You will need to put your system to sleep after SoC Watch starts, as the monitoring duration is only 60 seconds here. SoC Watch can do it for you and manage the sleep state, but only if you have a "button" driver bundled with Windows Driver Kit...

What you want to see afterward is something like this:

================
PCH SLP-S0 State
================

The residency reported below could under-report the actual SLP-S0 time when PMC clock throttling occurs.

PCH SLP-S0 State Summary: Residency (Percentage and Time)
PCH SLP-S0 States, PCH Residency (%), PCH Residency (msec)
-----------------, -----------------, --------------------
Not in SLP-S0    , 17.59            , 23788.75            
SLP-S0           , 82.41            , 111462.54           

The above information means Platform Controller Hub (PCH or "Southbridge") is happy and confirms S0! Getting the PCH to do so is one of the hardest things to achieve as PCH will not do it until all components connected to it and cleared for "Connected Standby" are in some approved sleep state (D3, D3Cold, etc.). Good Luck :)

Same goes for the CPU Package:

Package C-State Summary: Residency (Percentage and Time)
C-State, CPU/Package_0 Residency (%), CPU/Package_0 Residency (msec)
-------, ---------------------------, ------------------------------
PC0    , 5.59                       , 7564.95                       
PC2    , 6.80                       , 9198.01                       
PC3    , 0.44                       , 590.81                        
PC6    , 0.17                       , 233.36                        
PC7    , 0.06                       , 76.72                         
PC8    , 0.90                       , 1212.08                       
PC9    , 3.64                       , 4922.83                       
PC10   , 82.40                      , 111452.62                     

Since this was a short session (total: 135s, out of which system was sleeping some ~111s), you see 82.4% time spent in the C10 state. We want this to be 99% or close to it if we are talking about long sleep intervals. On this system, after the patch, it is sure to happen.

It will probably take some time to get here. SoC Watch is indispensable when debugging issues; its logs contain details on which processes are "noisy", which devices failed to be power gated, etc. I recommend running it after installing your applications (next step) to ensure that one does not slip in crappy software, which will ruin the power efficiency.

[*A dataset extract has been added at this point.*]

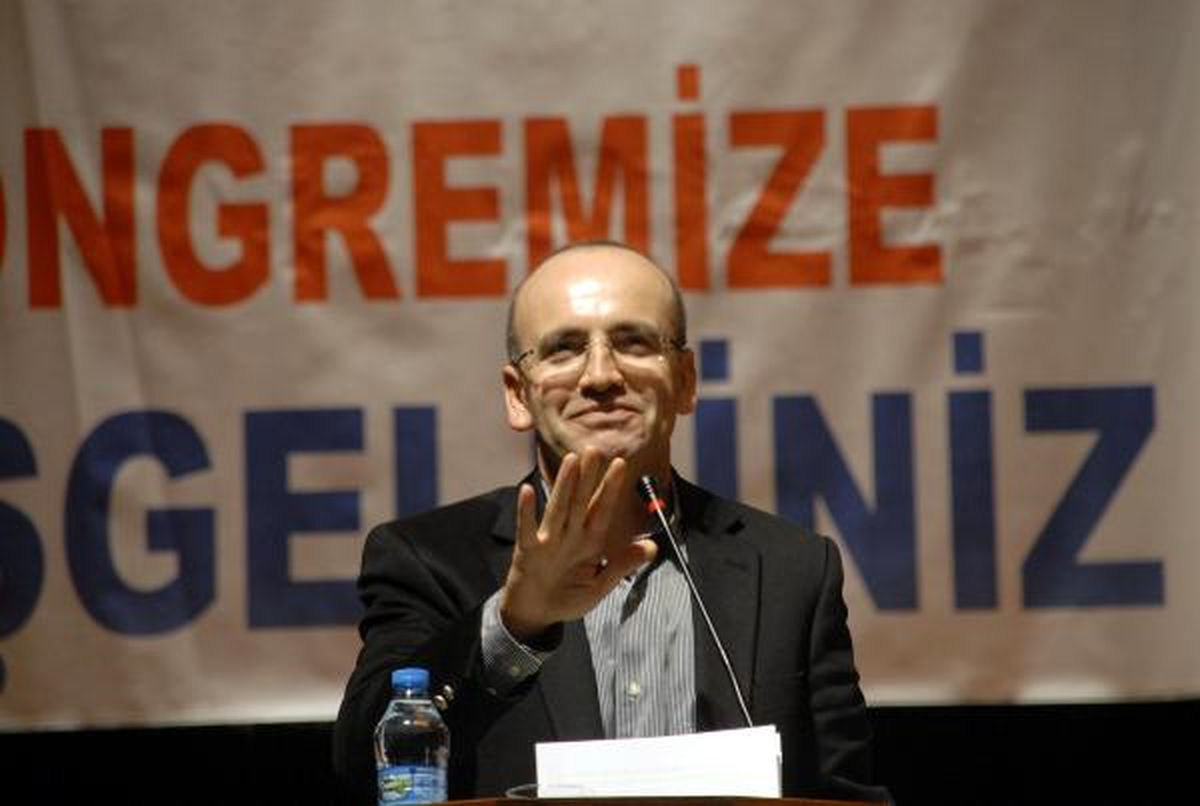 Bakan Şimşek, Kan Davalı Ailelerin Barış Yemeğine Katıldı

While SoC Watch is very powerful, there is an even more powerful tool using the "NDA" version of Soc Watch. NDA requirement remained possibly because many more internal states of the PCH and CPU are logged, and some might reveal the CPU's inner workings and capabilities of the unreleased products. But the good news is that it is doubtful you need that level of detail, and SoC Watch is already excellent even in the "Public" version. For people interested, Microsoft is mentioning the NDA tool on page 32 of the presentation here: https://f.ch9.ms/public/WinHEC/06_WinHECDec2016-DesigningPowerEfficient_v02.pptx

Post Patching (OS)

  • After the patch is working, install ThrottleStop
  • Before tweaking CPU voltages, ensure that no applications are taxing the CPU. You can use Soc Watch to determine which processes and drivers are waking up the CPU, blasting DPCs like there is no tomorrow, or devices just being rude and flooding the system with countless interrupts...
  • I didn't mention possibly the worst offenders of all: processes that brazenly force Windows timer precision to 1 ms and completely ruining any power efficiency in the process (see: https://randomascii.wordpress.com/2013/07/08/windows-timer-resolution-megawatts-wasted/). Suppose you cannot live without those applications. In that case, you might want to consider a semi-radical solution: install a global hook to winmm.dll (like: https://github.com/rustyx/nobuzz), preventing these applications from succeeding in changing timer resolution. Then, check for obvious defects; you might be OK.
  • Same goes for other things: trashing CPU, context switches, page faults, etc...

The simple rule is: avoid installing unnecessary software and regularly check for hogs, auto-staring bloat, etc. All of this will help the CPU reaching C7 (cores) and C10 (package) and the rest of the system power gate anything unused. It is hours of battery life we are talking about.

Example Results:

This is the behavior of Dell 5750 system after applying the recipe. Now it passes all checkpoints for S0iX standby, including CPU >and< PCH. Most of the peripherals are in D-states, except the ones that cannot be (e.g. CPU). Furthermore, temps are considerably down, and #PROCHOT is very rarely seen (in this case, CPU core voltage is changed by: -0.125v)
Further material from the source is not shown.